• 2004 sayılı kanuna ait Hükümet Tasarısı Gerekçesi

     «303, 304 ve 307. maddelere göre müflisin itibarının yerine getirilebilmesi için borçlarını ödemiş olması lazımdır. Müflisin, masaya kaydedilmiş alacaklılarından bazısı, sonradan kendisini ibra ettikleri ve makbuz yerine ibra kağıdı verdikleri surette, hiçbir tereddüte mahal kalmaması için, mezkur maddelerde geçen ve sıkı bir manada tefsire müsait olan (ödeme) yerine, ibrayı da şamil olan, (itfa) tabirinin ikamesi münasip görüldü.»

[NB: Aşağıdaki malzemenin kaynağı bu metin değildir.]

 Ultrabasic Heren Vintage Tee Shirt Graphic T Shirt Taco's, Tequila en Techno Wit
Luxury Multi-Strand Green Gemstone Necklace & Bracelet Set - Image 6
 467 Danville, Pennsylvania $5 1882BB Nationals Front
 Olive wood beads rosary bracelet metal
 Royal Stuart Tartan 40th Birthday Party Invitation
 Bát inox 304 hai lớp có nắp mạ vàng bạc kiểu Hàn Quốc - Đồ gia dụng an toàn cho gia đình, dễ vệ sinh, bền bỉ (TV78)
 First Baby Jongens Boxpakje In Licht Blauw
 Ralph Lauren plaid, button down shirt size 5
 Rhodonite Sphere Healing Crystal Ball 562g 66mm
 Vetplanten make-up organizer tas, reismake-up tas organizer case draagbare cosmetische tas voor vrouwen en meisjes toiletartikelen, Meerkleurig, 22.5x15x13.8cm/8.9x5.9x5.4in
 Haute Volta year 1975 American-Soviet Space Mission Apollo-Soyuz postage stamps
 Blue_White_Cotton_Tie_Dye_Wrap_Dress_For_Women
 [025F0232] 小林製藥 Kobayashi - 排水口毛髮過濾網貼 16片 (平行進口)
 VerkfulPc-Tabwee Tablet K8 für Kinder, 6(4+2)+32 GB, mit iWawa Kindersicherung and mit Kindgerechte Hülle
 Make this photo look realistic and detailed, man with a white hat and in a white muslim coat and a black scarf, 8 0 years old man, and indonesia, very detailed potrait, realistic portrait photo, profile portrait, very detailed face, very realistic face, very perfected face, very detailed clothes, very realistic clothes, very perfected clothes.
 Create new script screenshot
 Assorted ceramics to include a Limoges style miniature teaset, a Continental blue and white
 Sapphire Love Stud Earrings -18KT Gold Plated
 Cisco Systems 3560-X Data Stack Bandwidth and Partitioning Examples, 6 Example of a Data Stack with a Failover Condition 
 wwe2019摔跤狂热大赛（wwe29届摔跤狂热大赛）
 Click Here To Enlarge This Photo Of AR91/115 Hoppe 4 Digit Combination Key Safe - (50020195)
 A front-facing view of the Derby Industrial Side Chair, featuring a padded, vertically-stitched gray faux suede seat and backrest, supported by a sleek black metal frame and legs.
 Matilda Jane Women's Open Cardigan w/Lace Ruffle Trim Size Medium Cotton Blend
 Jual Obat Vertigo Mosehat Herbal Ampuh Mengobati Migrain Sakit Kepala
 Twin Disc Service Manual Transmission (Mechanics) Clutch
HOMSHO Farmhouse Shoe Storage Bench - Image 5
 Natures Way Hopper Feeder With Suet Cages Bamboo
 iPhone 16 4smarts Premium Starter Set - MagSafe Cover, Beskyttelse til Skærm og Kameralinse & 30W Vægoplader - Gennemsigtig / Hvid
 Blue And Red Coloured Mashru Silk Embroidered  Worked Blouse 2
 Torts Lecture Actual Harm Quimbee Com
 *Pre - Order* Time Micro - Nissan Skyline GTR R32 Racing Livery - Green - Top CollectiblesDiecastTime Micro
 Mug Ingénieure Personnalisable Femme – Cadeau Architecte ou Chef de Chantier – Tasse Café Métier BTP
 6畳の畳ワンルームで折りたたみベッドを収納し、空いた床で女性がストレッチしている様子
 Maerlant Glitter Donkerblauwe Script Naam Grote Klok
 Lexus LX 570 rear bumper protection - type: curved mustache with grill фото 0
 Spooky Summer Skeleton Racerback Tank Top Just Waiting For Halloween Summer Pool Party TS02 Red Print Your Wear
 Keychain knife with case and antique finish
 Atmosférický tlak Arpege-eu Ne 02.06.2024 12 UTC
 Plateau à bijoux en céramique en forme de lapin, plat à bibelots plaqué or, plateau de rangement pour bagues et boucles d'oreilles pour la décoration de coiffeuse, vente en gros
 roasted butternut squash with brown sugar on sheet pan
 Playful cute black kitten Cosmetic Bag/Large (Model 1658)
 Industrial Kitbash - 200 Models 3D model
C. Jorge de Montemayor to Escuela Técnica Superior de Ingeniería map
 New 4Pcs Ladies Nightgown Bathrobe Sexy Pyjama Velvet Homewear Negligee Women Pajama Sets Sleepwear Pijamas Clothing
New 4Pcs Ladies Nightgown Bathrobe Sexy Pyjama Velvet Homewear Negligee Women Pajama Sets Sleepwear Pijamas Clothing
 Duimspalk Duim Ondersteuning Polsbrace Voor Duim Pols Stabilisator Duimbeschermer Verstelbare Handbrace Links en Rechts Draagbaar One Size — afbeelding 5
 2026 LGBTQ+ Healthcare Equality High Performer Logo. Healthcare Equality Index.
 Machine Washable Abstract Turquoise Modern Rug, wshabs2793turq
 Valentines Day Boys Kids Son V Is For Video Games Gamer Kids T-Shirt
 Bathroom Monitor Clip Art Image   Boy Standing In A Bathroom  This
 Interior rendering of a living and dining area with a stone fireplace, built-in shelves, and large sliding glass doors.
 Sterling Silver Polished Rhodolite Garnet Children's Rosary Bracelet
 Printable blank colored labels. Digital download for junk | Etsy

  • Adliye Encümeni Mazbatası Gerekçesi

     «İflâs kararı verildikten sonra müflis borçlu, alacakların kaydı için muayyen müddet bittikten iflâs kapanıncaya kadar, alacaklıların iflâs talebini geri aldıkları veya borcu itfa ettiğini veya teklif ettiği konkordatonun kabul ve tasdikini mahkemeye arzederek, iflâsın kalkmasını isteyeceği faslı mahsusunda mevcut hükümler iktizasından olmakla, bu suretle iflâs kalkmadıkça tasfiye her ne şekilde olursa olsun bitmekle ve iflâsın kapandığı ilan edilmekle, iflâs kararının müflise karşı olan hukuki tesirleri bertaraf edilmiş olmaz. Müflis, mahrum olduğu hakları yeniden iktisap edebilmek için, itibarının yerine gelmesine karar verilmesi lazımdır. İflâsın nevine göre müflisler şu vaziyette üçe ayrılır:

    1) Muamelelerde bulunduğu zamanda, alacaklılarını ızrar kastı ile yaptığı hareketler ve hileli işler sebebiyle, iflâsın hileli sayılarak hakkında cezai takip yapılıp Türk Ceza Kanununa göre ağır hapis cezasına mahkum edilen hileli müflisler,

    2) Kanunda gösterilen sebeplere göre, müncer olan muamelesi taksirli olarak icra edildiği anlaşılan ve ceza mahkemesince mahkum olan taksiratlı müflisler,

    3) Muamelesinde hiçbir hile veya kusur görülmeyip, bir takım zaruretler sebebiyle iflâs etmiş olan adi müflisler.

    Hileli müflisler yalnız iflâs sebebiyle bazı haklarından mahrum kalmış olmayıp cezai mahkumiyetleri de onlar üzerinde fer'i tesirlerini mütemmim ceza olarak devam ettirmiş olduğundan, bunların itibarlarının yerine gelmesine memnu hakların iadesiyle birlikte ceza mahkemesi tarafından karar verilmek lazımdır. Şu hale göre, hileli müflisler CMUK'nunun 416. maddesinden başlayan fasılda yazılı ‘memnu hakların iadesine’ müteallik şeraiti ifa ile beraber, masaya kabul edilen bütün alacakların itfa edildiğine dair makbuz veya sair vesikaları da raptederek, ikametgahının bulunduğu yerdeki ağır ceza mahkemesine müracaat eder.»